7. Dating of the Commentary on Boethius’s De
ebdomadibus:
The
expression actus essendi appears twice in Aquinas’s commentary
on Boethius’s De Hebdomadibus.
This
work seems to have been composed between 1257 and 1259, during Aquinas’s first regency
in Paris. This is
the opinion of Eleonore Stump who writes: “Aquinas’s commentaries on Boethius’s
De Trinitate (On the Trinity) and De Hebdomadibus (sometimes
referred to as ‘How Substances are Good’) are his other philosophically important
writings from this period of his first regency” (Aquinas [New York: Routledge,
2003], p. 4).
The
Oxford Handbook of Aquinas also situates
the composition of the commentary on Boethius’s De Hebdomadibus around 1257-1259,
the same date that they report for the composition of the commentary on Boethius’s
De Trinitate. (See The Oxford Handbook
of Aquinas, ed. Brian Davies and Eleonore Stump [New York:
Oxford University Press, 2012] 534.)
Brendan
Thomas Sammon places the composition of this commentary on 1258. (See B. T. Sammon,
The God Who Is Beauty [Eugene,
Oregon: Pickwick Publications, 2013]
207.)
Concerning
the dating of Expositio libri Boetii De ebdomadibus, Weisheipl affirms that
this commentary is generally dated in conjunction with the Super Boetium De trinitate
“as being written during the first Parisian regency, 1256-1259” (Weisheipl, Friar
Thomas D’Aquino, 382). Earlier in the book Weisheipl had remarked that in the
catalogues, the In librum Boethii De hebdomadibus “is listed with
In Boethium De trinitate, and many scholars accept the association, dating
both around 1256-1259” (ibid., 138).
Torrell, for his part, seems to agree with this dating
but is inclined to think that the commentary on Boethius’s De Trinitate was
written first. Thus Torrell writes: “Historians habitually mention these two works
one after another because of their common subject. In the preface to the Leonine
edition, Father Bataillon thinks instead—given the internal data that reveal differences—that
the Expositio libri Boetii De ebdomadibus is probably later than the Super
Boetium De Trinitate.

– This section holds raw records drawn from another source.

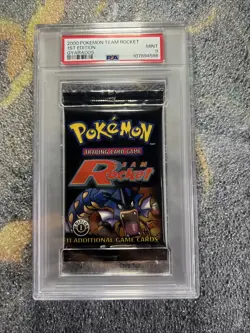 Gyarados PSA 9 Mint TEAM ROCKET 1st Edition Sealed Booster Pack 2000 Pokemon - Image 1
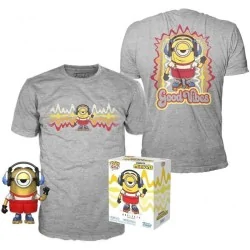 Set Funko POP! & Tee Minions Roller Skating Stuart Metallic Exclusive de Funko en Camisetas | La Cueva Roja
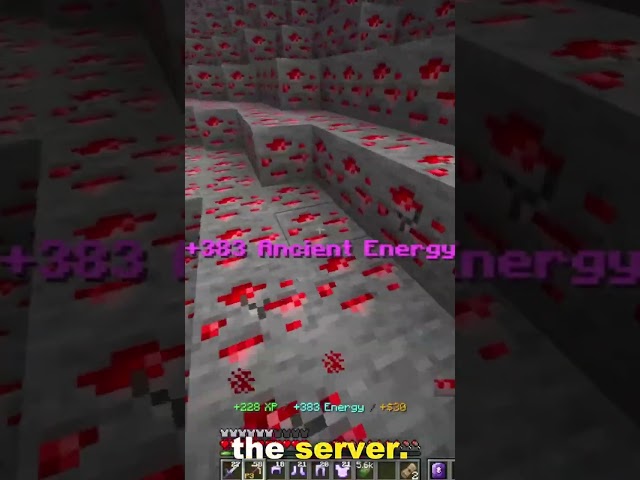 the ore breaks before the server says so — my server's own client mod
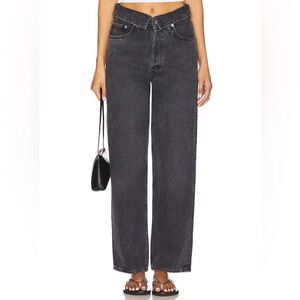 AGOLDE| HIGH RISE TAPERED-LEG JEANS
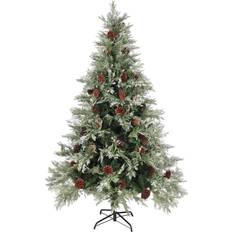 vidaXL Illuminated Green/White Christmas Tree 120cm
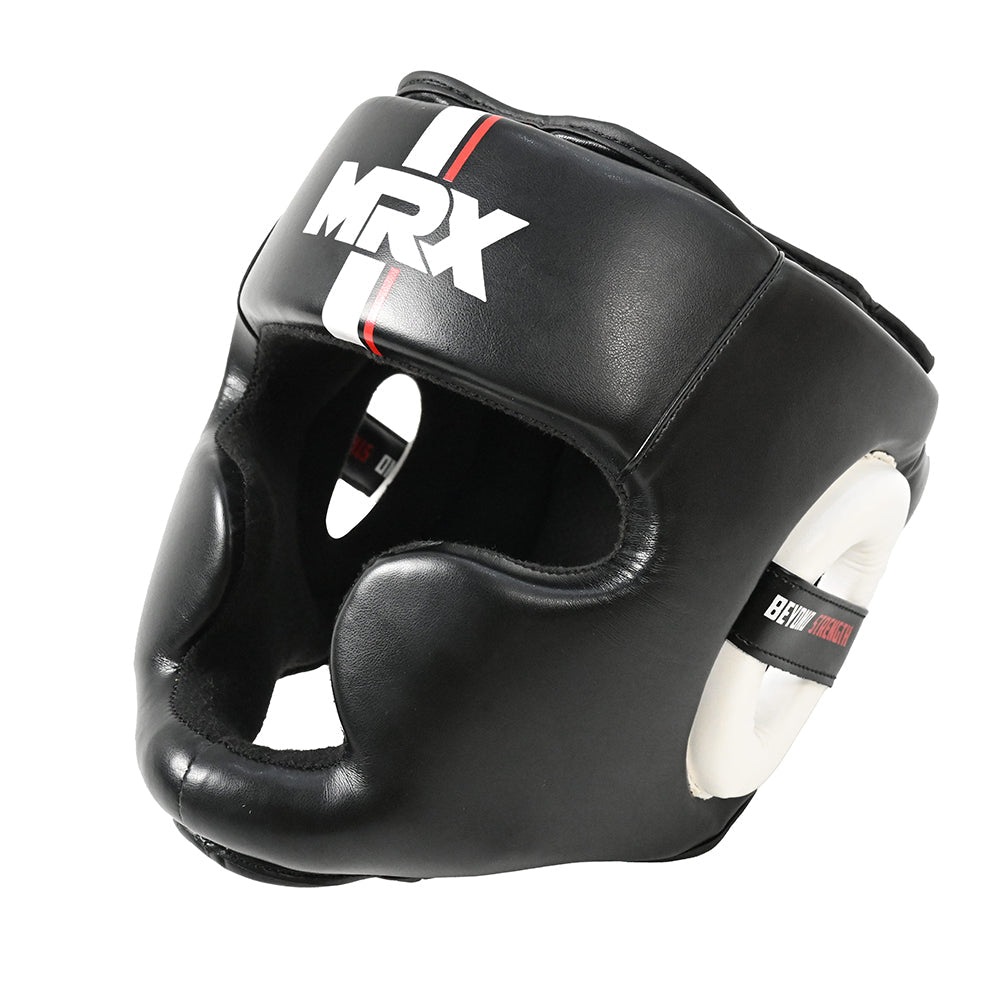 MRX Boxing Head Gear for Training Kickboxing MMA Men WomenMRX ProductsBoxing Head GuardEstaliosFit256-BW-S/M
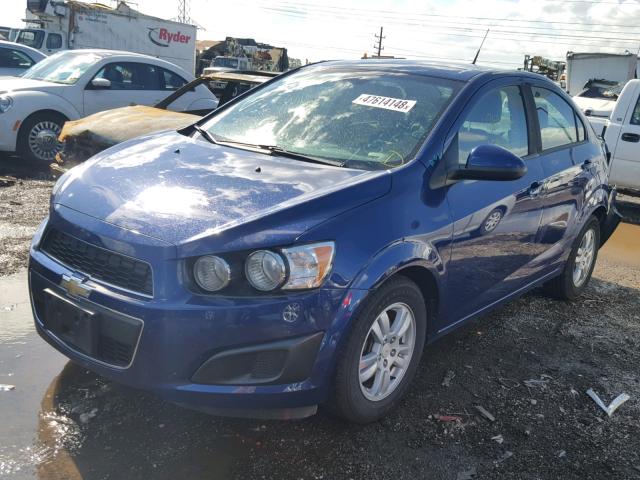 1G1JA5SH4C4194426 - 2012 CHEVROLET SONIC LS 蓝色 照片 2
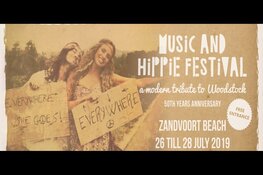 Music and Hippie Festival aan de boulevard van Zandvoort - 3 days of peace, love and music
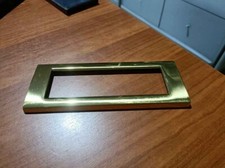 GIACENZA MAG AVE 45P96TT PLACCA PLACCHETTA 6 MODULI OTTONE LUCIDO  SISTEMA 45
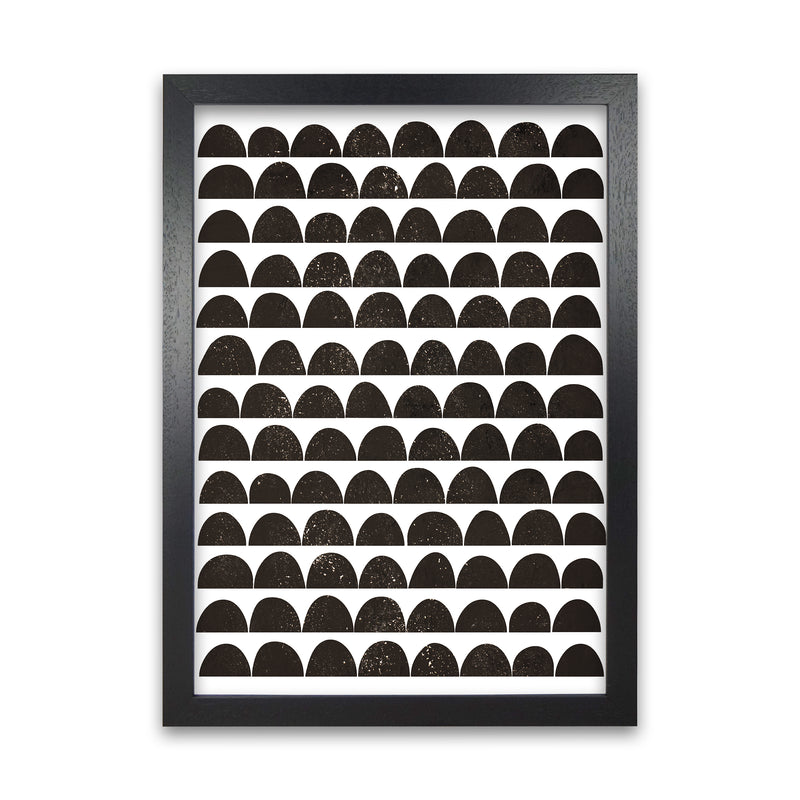 Half Moon Black Texture Original Black Grain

But without external data that would permit us to situate
it better (through dated sources, for example), Bataillon declares himself unable
to propose a precise date” (Jean-Pierre Torrell, Saint Thomas Aquinas: The Person
and His Work - Volume 1, trans. Robert Royal [Washington, D.C.:
The Catholic University of America Press, 2005], 68). Torrell then concludes that
“The date of this work is doubtless later than that of the other commentary on Boethius,
but the current state of research does not allow us to specify the date further,
nor its circumstances” (Torrell, Saint Thomas Aquinas, 345-346).